Industrial farming and deforestation are the leading causes behind the degradation of soil. Grape growing and large parts of the wine industry remain very much part of that problem. France’s vineyards, as an example, are the country’s biggest consumers of chemical fungicides, insecticides and herbicides. These products can devastate the life in the soil and completely disrupt the biodiversity of a region. Although viticulture represents just 3% of France’s agricultural land, the sector spreads 20% of the country’s fungicides.

Many vignerons have tried to reduce chemical inputs, either using them as a last resort or not at all. Some believe non-chemical additions of copper and sulphur typically used to treat fungal diseases (the biggest threat to yields) are more damaging to the environment than systemic chemical interventions. It is a complex picture.

But there are vignerons committed to non-chemical approaches – growers who believe they can offer alternative methods that are both sustainable for the future and remain commercially viable. While there are various approaches, they all share the belief that protecting the health of the soil is fundamental to their vineyard’s long-term future, as well producing a farming system that is not only sustainable but regenerative, in that it sequesters more carbon dioxide in the soil than it takes out. Exactly how this is practised remains a contentious debate.

Many of these growers are certified organic, many are not – certification itself is another controversial issue. Biodynamic farming is organic farming with a more holistic approach, trying to recreate a natural balancing ecosystem that allows nature to restore and rejuvenate itself, in rhythm with the lunar cycle. Others have gone even further and have allowed their vineyards to grow wild, believing that an undisturbed vineyard is the most sustainable and ecologically healthy. Organic and biodynamic farming practices are essentially a return to conventional farming methods carried out prior to the introduction of chemical farming 70 years ago. The more non-interventionist approach goes one step further, attempting to recreate an environment that pre-dates all commercial farming. It is an approach in which crops and other plant life coexist together, allowing the environment to dictate what grows where. Under the teachings of Masanobu Fukuoka, it was coined “natural farming”.
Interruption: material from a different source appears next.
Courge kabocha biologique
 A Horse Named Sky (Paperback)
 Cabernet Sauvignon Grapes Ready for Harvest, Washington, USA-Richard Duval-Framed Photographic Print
Masanobu Fukuoka was a Japanese microbiologist and agricultural scientist who studied plant pathology. After nearly dying during a bout of pneumonia, he experienced what he described as a profound spiritual experience – leading him to begin to doubt modern agricultural science. He gave up his scientific post and returned to his family’s farm on the southern Japanese island of Shikoku. It was here that he developed his own non-intervention farming techniques, which involved no tilling or ploughing, and no fertilisation of the land. This was to protect the vital microorganic life in the soil, that he believed was essential to creating an ecologically balanced environment. The publication of his seminal book, The One-Straw Revolution, in 1975, went on to influence the permaculture movement (no till, no ploughing) in the west, and even more radical concepts.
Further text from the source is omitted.